In Formula 1, n is an integer of 0 to 4. A prepolymer block prepared from a monomer mixture comprising a polyol component comprising the crosslinked polyol composition of any one of claims 1 to 10 and a polyacid component; and a polyacid component; as a repeating unit, the polyester resin. The polyester resin according to claim 12, wherein the content of the crosslinked polyol composition included as a repeating unit is greater than 0.3 parts by weight and less than 27.3 parts by weight, based on 100 parts by weight of the polyester resin. The polyester resin according to claim 12, wherein the polyol component further comprises a diol component other than the crosslinked polyol composition. The polyester resin according to claim 14, wherein the diol component other than the crosslinked polyol composition is an aliphatic diol, an cycloaliphatic diol, an aromatic diol, or a combination thereof. 16. The method according to claim 15, wherein the aliphatic diol is a linear or branched aliphatic diol having 2 to 8 carbon atoms; the alicyclic diol is an alicyclic diol having 5 to 20 carbon atoms and containing 1 to 4 5-membered ring structures or 6-membered ring structures; The polyester resin, wherein the aromatic diol is an aromatic diol having 6 to 20 carbon atoms and containing 1 to 4 aromatic ring structures. 16. The method of claim 15,
The aliphatic diol is ethylene glycol, diethylene glycol, triethylene glycol, 1,3-propanediol, 1,2-propanediol, 1,4-butanediol, 1,3-butanediol, 1,2-butanediol, 2,2- dimethyl-1,3-propanediol, neopentylglycol, pentanediol, hexanediol, heptanediol, and combinations thereof;
The alicyclic diol is 1,4-cyclohexanediol, 1,3-cyclohexanediol, 1,2-cyclohexanediol, 1,4-cyclohexanedimethanol, 1,3-cyclohexanedimethanol, 1,2- selected from the group consisting of cyclohexanedimethanol, tetramethylcyclobutanediol, tricyclodecanedimethanol, adamantanediol, and combinations thereof;
Aromatic diol is bisphenol A, 4,4'-dihydroxy-diphenyl sulfone, 4,4'-biphenol, hydroquinone, 4,4'-dihydroxy-diphenyl ether, 3-(4-hydroxyl phenoxy) phenol, bis (4-hydroxyphenyl) sulfide, and combinations thereof,
polyester resin. 15. The polyol according to claim 14, wherein the polyol component comprises 1 to 50 parts by weight of the crosslinked polyol composition and 50 to 99 parts by weight of a diol component other than the crosslinked polyol composition, based on 100 parts by weight of the total polyol component. ester resin.
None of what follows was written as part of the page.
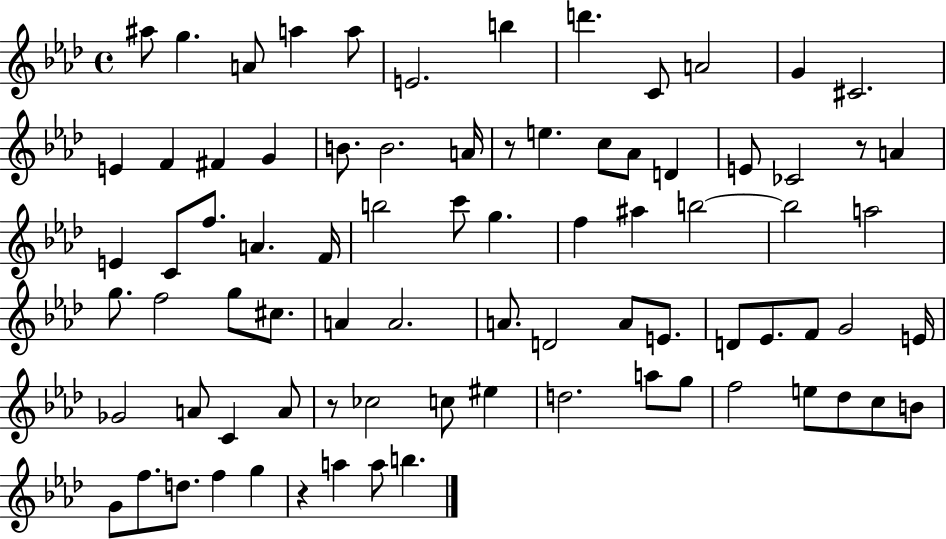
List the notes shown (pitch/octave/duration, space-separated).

A#5/e G5/q. A4/e A5/q A5/e E4/h. B5/q D6/q. C4/e A4/h G4/q C#4/h. E4/q F4/q F#4/q G4/q B4/e. B4/h. A4/s R/e E5/q. C5/e Ab4/e D4/q E4/e CES4/h R/e A4/q E4/q C4/e F5/e. A4/q. F4/s B5/h C6/e G5/q. F5/q A#5/q B5/h B5/h A5/h G5/e. F5/h G5/e C#5/e. A4/q A4/h. A4/e. D4/h A4/e E4/e. D4/e Eb4/e. F4/e G4/h E4/s Gb4/h A4/e C4/q A4/e R/e CES5/h C5/e EIS5/q D5/h. A5/e G5/e F5/h E5/e Db5/e C5/e B4/e G4/e F5/e. D5/e. F5/q G5/q R/q A5/q A5/e B5/q.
The polyester resin according to claim 12, wherein the polyacid component is a diacid, a triacid, or a mixture thereof. The polyester resin according to claim 19, wherein the diacid is selected from the group consisting of aromatic dicarboxylic acids having 8 to 14 carbon atoms, aliphatic dicarboxylic acids having 4 to 12 carbon atoms, and combinations thereof. 20. The method of claim 19, wherein the diacid is terephthalic acid, isophthalic acid, naphthalenedicarboxylic acid, diphenyl dicarboxylic acid, cyclohexanedicarboxylic acid, phthalic acid, sebacic acid, succinic acid, maleic acid, fumaric acid, adipic acid, glue A polyester resin selected from the group consisting of taric acid and combinations thereof, wherein the trivalent acid is trimellitic acid or anhydride thereof. 13. The method according to claim 12, wherein the polyester resin has an acid value of 40 to 70 mgKOH/g, a viscosity of 2,000 to 6,000 cPs (measured with a Brookfield viscometer at 200 °C), and a glass transition temperature of 55 to 100 °C, polyester resin. (1) preparing a prepolymer by reacting a polyol component comprising the crosslinked polyol composition of any one of claims 1 to 10 with a polyhydric acid component; and
(2) preparing a polyester resin by reacting the prepolymer prepared in step (1) with a polyacid component;
A method for producing a polyester resin. The polyester resin of claim 12; and a curing agent; and a powder coating composition comprising a. The powder coating composition according to claim 24, wherein the curing agent is an epoxy resin curing agent.